In front of a raucous crowd of 54,846, Japan and South Korea put a rivalry spanning two nations on display for the world to see.

“When the game started, (facing) Team Korea in the final as expected, it became a very close game,” Hara said. “I felt like we could have scored more but it was difficult for us to earn runs against the Korean defense.”

Ichiro’s hit was the deciding factor of five games between the squads, with Japan winning the impromptu series 3-2.

“I would say Japan is the best team in the world,” said Lee Bum Ho, who sent the game into extra innings with a single in the ninth.

“In the first WBC Japan won and in the second Japan won again. I believe in terms of their world record, they were the best and the strongest.

“We did our best against the strongest and best team. I believe it will help us a great deal. It will be our greatest glory as our players were playing their very best against the very best team.”

South Korea felt Japan’s wrath in their first meeting, a 14-2 Japan victory at Tokyo Dome. The Koreans bounced back with a 1-0 victory behind 5 1/3 shutout innings from pitcher Bong Jung Keun.

Bong and South Korea topped Japan again when the tournament moved to San Diego for the second round. Bong went 5 1/3 innings again, this time allowing a run on three hits, in the 4-1 victory in the teams’ third meeting.

Japan avenged the loss with a 6-2 win in the second-round finale to set up the fifth and final game.

The title game had everything a fan could ask for, a pitcher’s duel, loud and passionate fans and a game-winning hit in extra innings as Japan edged the Koreans one last time.

“Japan has many major leaguers,” Bong said. “Even the players who play in the Japanese league were the very best of Japan. I believe they are a great team and had great players. They did their very best until the end.”

Bong said his team had no regrets after the final out of the WBC saw it on the losing end.

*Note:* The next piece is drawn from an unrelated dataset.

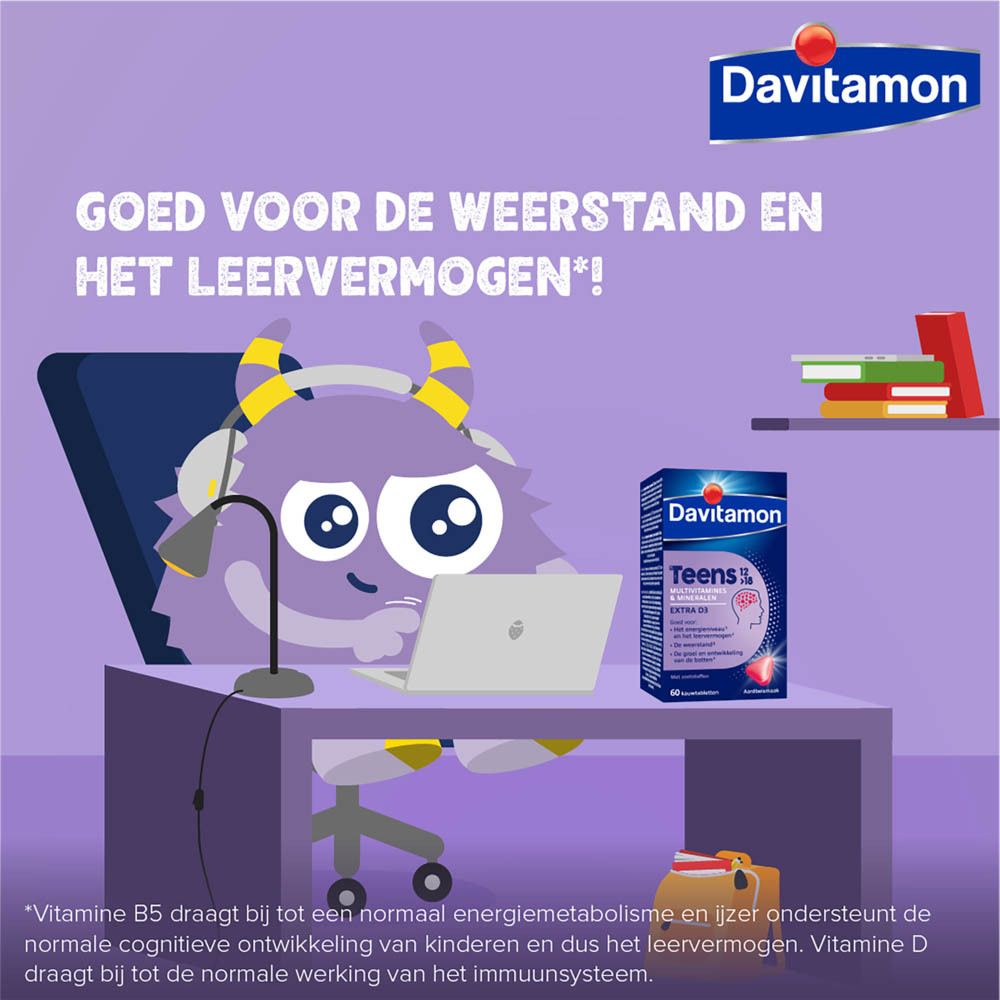 Davitamon Teens 12>18 verpakking. 60 kauwtabletten. Aardbei smaak. Extra D3. Vit. D3.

“I am proud they (Japan) fought and did their best,” Bong said. “Korea, itself, did not give up until the very end (either). So our players and our team and all of the coaches and our manager have no regrets about leaving anything on the field in this game.”

South Korea gave the Japanese all they could handle and more, and seems poised to take its place as a baseball power.

“I believe that Korean baseball is a wonderful style,” Hara said. “It’s a wonderful country that has that specific style. You have organizational power and speed. They’re at the world level now, I believe.”

“Playing against Korea, there were three wins and two losses. In that sense Japan was able to lead somewhat. But in baseball, wins and losses are just paper-thin differences, especially in this World Baseball Classic,” Hara continued. “The fact two Asian countries were able to play each other in the finals is something that we and the Koreans can be proud of.”